» DIRECTIONS FOR THIS TASK
Once the line with "Destornillador inalámbrico 4V" is found, repeat it and all later lines exactly through the end of the listing below, with the pictures left out.

» RECORDS PROVIDED

┌──

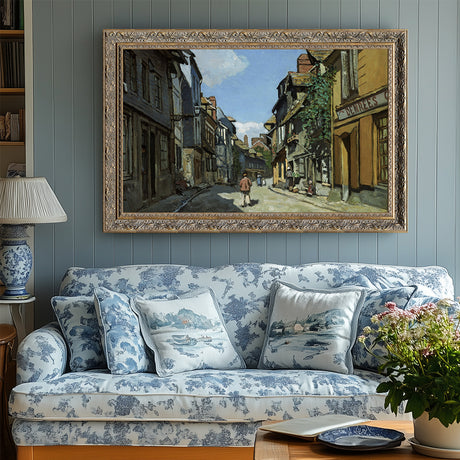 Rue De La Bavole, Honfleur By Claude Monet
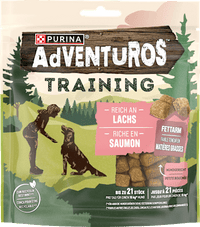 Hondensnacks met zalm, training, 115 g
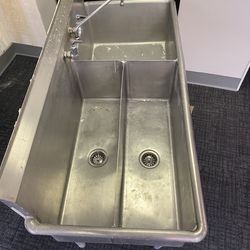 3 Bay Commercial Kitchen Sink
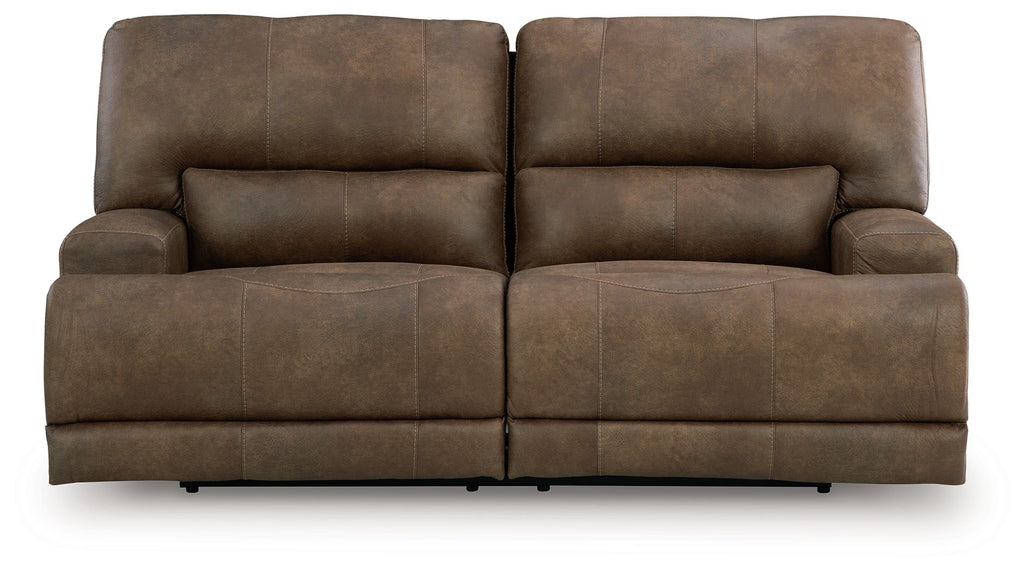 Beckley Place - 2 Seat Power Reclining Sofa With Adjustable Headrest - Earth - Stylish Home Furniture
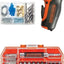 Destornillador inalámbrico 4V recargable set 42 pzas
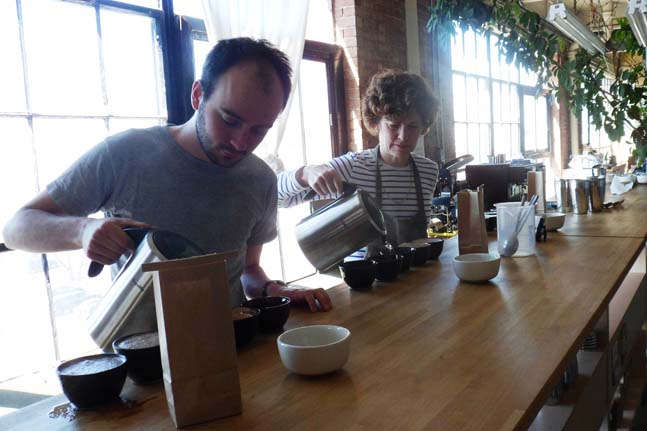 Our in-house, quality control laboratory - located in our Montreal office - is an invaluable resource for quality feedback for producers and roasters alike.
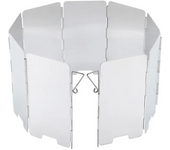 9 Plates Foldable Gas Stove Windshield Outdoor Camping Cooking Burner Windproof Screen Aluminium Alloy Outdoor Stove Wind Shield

└──

» OUTPUT OF THE EXERCISE
 Destornillador inalámbrico 4V recargable set 42 pzas
 Our in-house, quality control laboratory - located in our Montreal office - is an invaluable resource for quality feedback for producers and roasters alike.
 9 Plates Foldable Gas Stove Windshield Outdoor Camping Cooking Burner Windproof Screen Aluminium Alloy Outdoor Stove Wind Shield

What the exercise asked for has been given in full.